* The second day of the draft rolls on. The Giants have taken lots of pitchers. Maybe one of them will be the next Jonathan Sanchez, a 27th round pick in 2004, or Brian Wilson, a 24th-rounder in ‘03. If you’re curious, here are the other lower-round draftees by the Giants currently on the staff or nearly so:
Jack Taschner (1999–2nd)
Kevin Correia (2002–4th)
Billy Sadler (2003–6th)
Pat Misch (2003–7th)
Erick Threets (2000–7th)
Alex Hinshaw (2005, 15th)
To round things out:
Tyler Walker, Mets (1999–2nd)
Vinnie Chulk, Blue Jays (2000–12th)
Merkin Valdez and Keiichi Yabu were international free agents
Zito, Cain, Lincecum, Lowry, Hennessey: all first-rounders.
(Thanks to the Baseball Cube, which makes year-by-year team drafts easy to peruse.)
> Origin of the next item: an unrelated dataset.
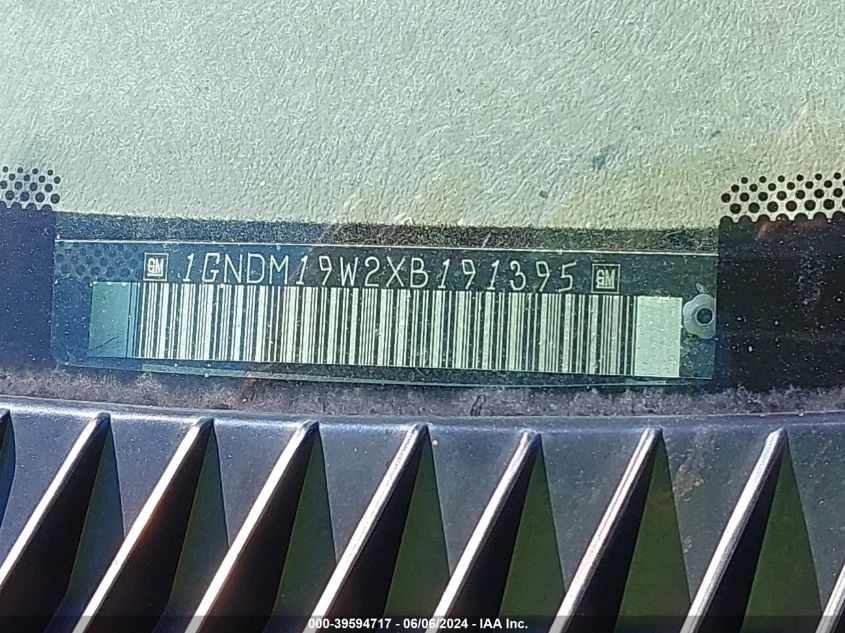 1999 Chevrolet Astro VIN: 1GNDM19W2XB191395 Lot: 39594717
* Great quote from Krukow on his radio show this morning, about seeing the new baseball stadium this weekend in D.C.: “New yards are like new books, man, so this is going to be a new read for us tonight. I can’t wait.”
* ESPN’s Jayson Stark throws around a little Giant love in his latest column (scroll down to the “Seeing Stars” box), quoting an anonymous scout who says four Giants have a legitimate All-Star argument: Rowand, Molina, Lincecum and Wilson. The scout on Wilson: "He's the National League's Joe Nathan, except nobody knows it."
Well! Since becoming the Twins closer Nathan hasn’t had an OPS-against higher than .592, this year’s current mark. Wilson’s currently at .681 and nearly 1.5 baserunners an inning. In five years as a Twin, Nathan has had a WHIP above 1.0 once.
Of course Wilson is 26 years old and has less than 80 MLB innings and by the time Nathan went to the twins he was 29 with hundreds of innings. At 26 Nathan was still a kid with a shoulder made out of hamburger holding on to a AAA slot by the skin on his teeth. The comp seems apt to me if you are talking about stuff, body type and approach, and in 3 years I would be surprised if Wilson had a whip over 1.